В молчании прошли довольно долго. Наверное, после стольких громких слов и телодвижений на что-то резкое и героическое сил не осталось. Сам Алька, как бы что-то вспомнив, остановился:
– Вот ослятина, забыл кое-что у Михайловны забрать. Как бы не поругала. Счастливо. – И протянул руку на прощание.
Ольга пожала ее и, не сдержавшись, отметила:
– Ты великий человек, Алька. Талантливый и гибкий. Далеко пойдешь.
– Тут недалеко, – машинально-рассеянно отозвался он, повернулся и пошел обратно.
Глава 5
Вот вроде бы прошлась Оля по городу, проехалась на электричке, потом со станции прошлась – пора бы уже успокоиться, уложить в голове происшедшее, поразмыслить о том, как лучше поступить дальше. Однако ничего не получалось, поскольку произошла катастрофа, полная и несомненная.
В лучшем случае – строгий выговор с занесением в учетную карточку. А если всплывут старые ошибки, то там до исключения из комсомола недалеко.
Да и не это главное! Главное то, что правда в словах этой змеюки звучала, потому и до сих пор трясло от злости.
В точности по Шекспиру про очи, направленные внутрь души, которая вся в кровавых, смертельных язвах… Но ведь она права.
Это мелочное противостояние распоряжениям, конфликты с любым видом руководства – это не принципиальность, не твердый характер, а просто эгоизм, нахальство и анархия.
Как же так получилось? Столько лет пенять окружающим, обличая их именно в этом, – и увидеть в собственном глазу то же бревно…
«Хватит. Нужно взять себя в руки, иначе свихнусь», – поняла Ольга, огляделась, прикинула по времени. Колька должен скоро освободиться. А освободившись, обязательно что-то придумает, скажет нечто, может, и грубое, но толковое, что все на свои места расставит.
Иначе зачем нужны любимые люди – совершенно непонятно!

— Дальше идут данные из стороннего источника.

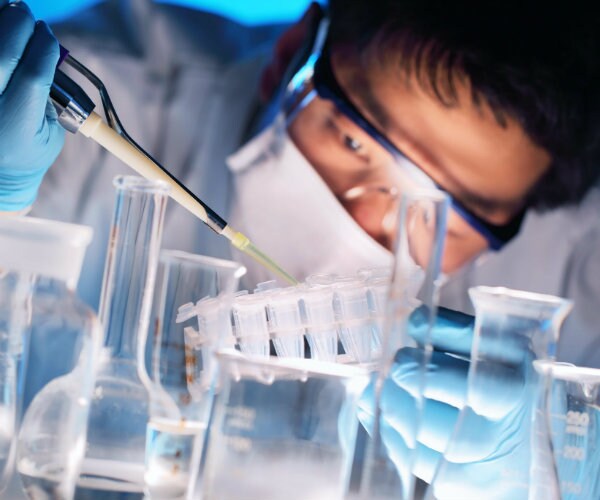 UK Gives Scientist OK to Genetically Modify Embryos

…Но на Кольку надежды не было. У преподавателя Пожарского шли занятия по физподготовке, причем особенные. На днях завхоз торжественно вручил воспитанникам аж два велосипеда.
На первой попавшейся не особо оживленной дорожке оборудовали полосу препятствий. Сто пятьдесят метров с поворотом – не шутки! В ход пошло все: доски, рейки, чурки, городки и даже пустые консервные банки, трассу ограничили, просто натянув веревки.
Велосипедистами сказывались все, но Колька был неумолим:
– Техника сложная, на нее абы кого сажать не стану. Проверяем.
И всех желающих предварительно пропустил через частое сито, исключив всех плохо умеющих ездить, тормозить и поворачивать. Неумех усмирил, пообещав отдельные занятия именно по велосипеду. Они образовали зрительскую публику, которая теперь вопила и топала ногами, отделенная от спортсменов веревкой.